At 11:45 -0800 22/1/07, Diane Gaskill wrote:

>I'm considering asking my manager to buy FrameScript for me and I have 
>to justify it of course.  Does anyone have any data on how long it 
>takes to become reasonably proficient using it. I have 4 years of sw 
>dev experience and 15 years of FM experience.


Hi Diane,

I get the digest version of the mailing list and have been away so didn't get a 
chance to read this earlier.

I just wanted to respond to your query from a different point of view: We had a 
series of user guides (totaling some 4000 pages) to which I wanted to apply 
some across-the-board formatting changes, resulting from inadequate document 
design and just a general need to update the look of our guides. Because of 
those same initial document design problems, I was having to perform some types 
of change manually, page by page... So after completing the changes across a 
few hundred pages, we looked at automating those, and eventually bought 
framescript, and complemented that with a couple of scripts we commissioned 
from Rick Quatro (Carmen Publishing). The scripts worked exactly as we needed, 
and completed correctly, in seconds, what would have required a few dozen hours 
of mind-numbingly repetitive work (where obviously I would have missed some 
changes, and been running into them periodically for months or years).

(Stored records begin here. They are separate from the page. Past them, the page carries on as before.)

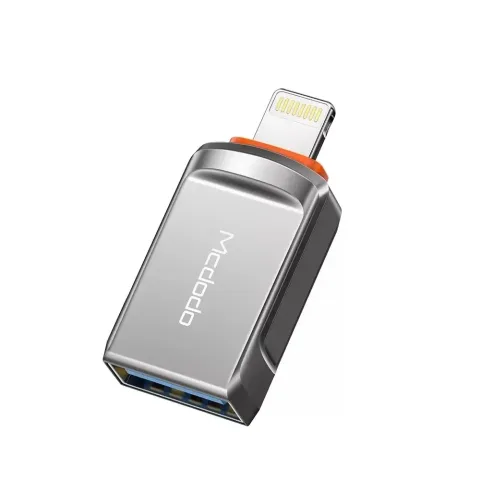 Mcdodo OT-8600 Usb-ATo Lightning Dönüştürücü Soket - Gri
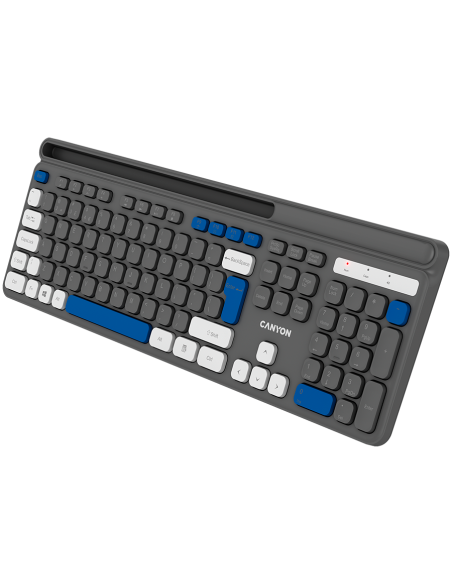 CANYON keyboard HKB-W03 AAA Wireless Grey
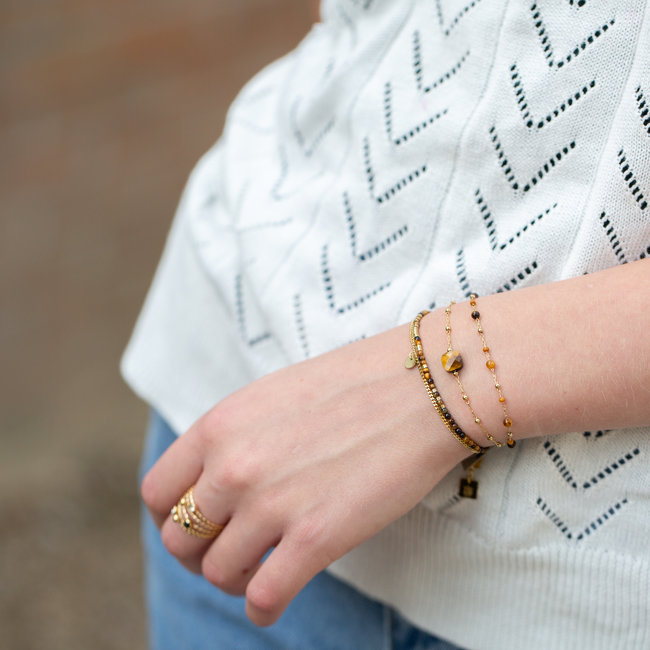ZAG  Bijoux Goud armbanden met tijgeroog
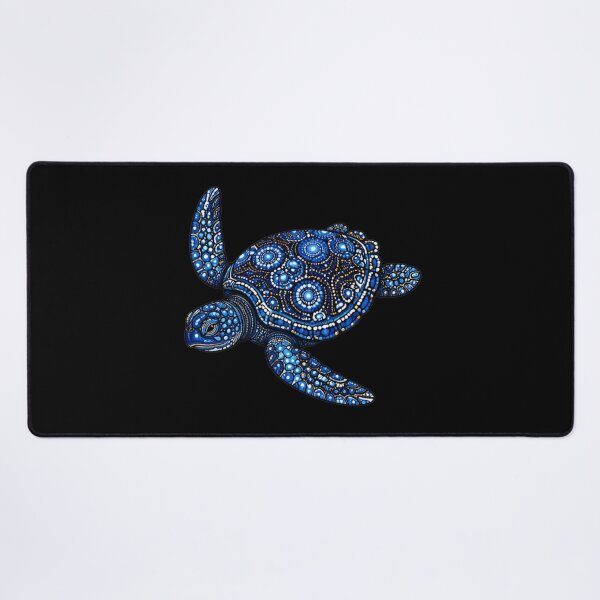 Item preview, Sea Turtle Swimming | Ocean Midnight Artwork designed and sold by Zaru Art Studio.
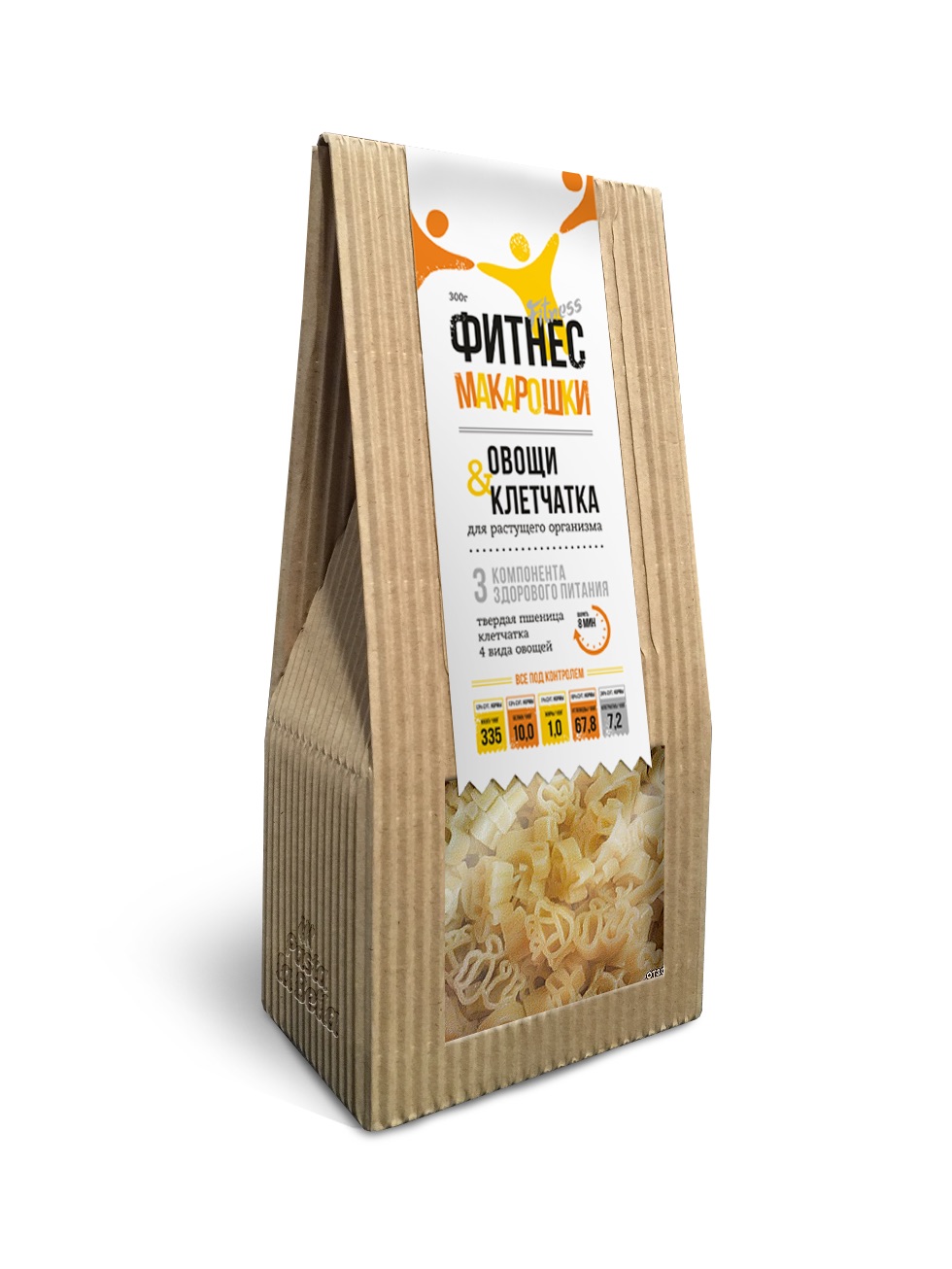 ФИТНЕС МАКАРОШКИ с овощами и клетчаткой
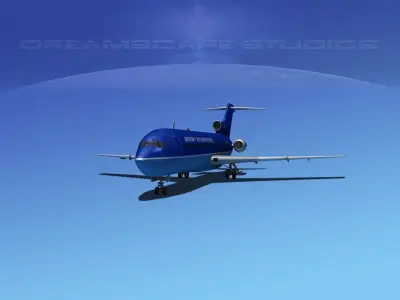 Boeing 727-200 Braniff Intl 1 3D model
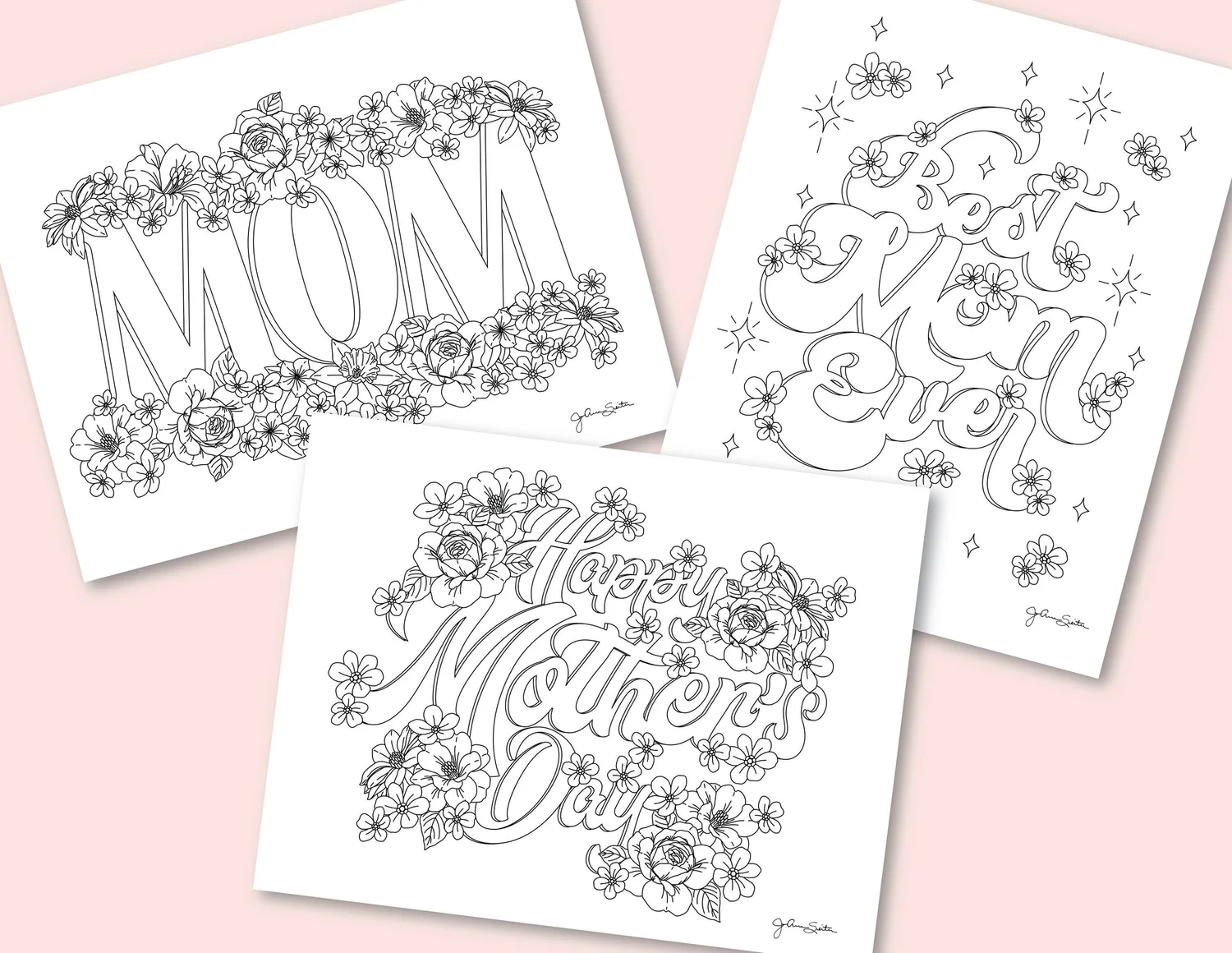 Mother's Day Coloring Pages, Set of 3 Floral Printable Coloring Sheets — JoAnna Seiter mother-s-day-coloring-pages-set-of-3-floral-printable-coloring-sheets-joanna-seiter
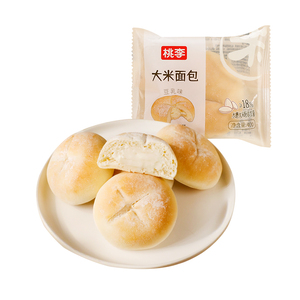 桃李大米面包早餐小面包豆乳味速食品零食糕点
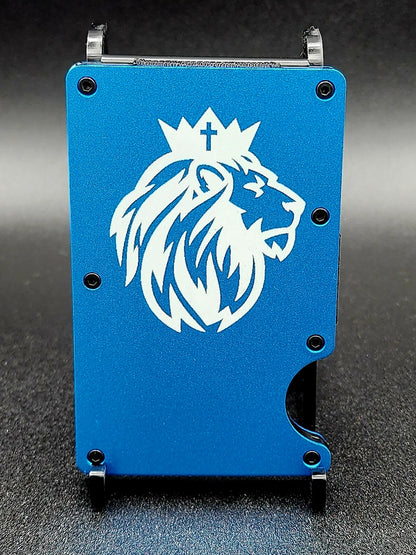 CVCA Royals Lion Minimalist Wallet RFID Money Clip Royal Blue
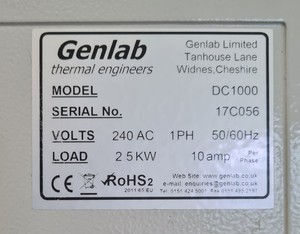 Thumbnail image of Genlab Model: DC1000 Drying Cabinet Lab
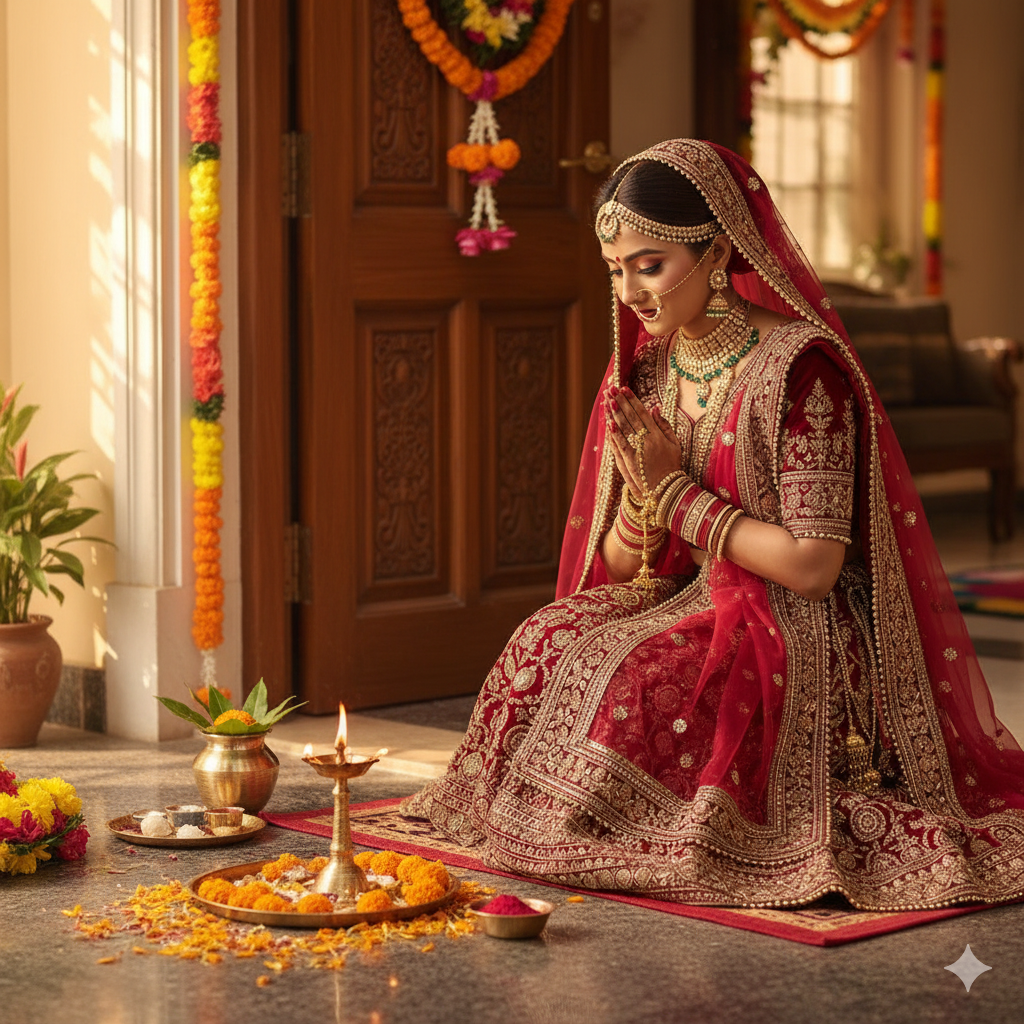 ghar ki dehleej ki puja kyu karti hain betiya vidaai ke samay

So in our case, I never learned a thing about framescript other than how to run 
a script, but it paid for itself in a few minutes. And as others have said, 
because of the hassle often involved in learning scripts, as long as you have 
an understanding boss (who will trust your judgement on which tasks are worth 
hiring out and not delay that process more than a day or two), in the long run 
the most efficient and least stressful option might be to order your scripts 
from a consultant; in our case, it allowed me to focus on the tasks I'm 
primarily hired to do, and to me, this solution to our problem we had was akin 
to waving a magic wand at it and making it go away, it was immensely satisfying.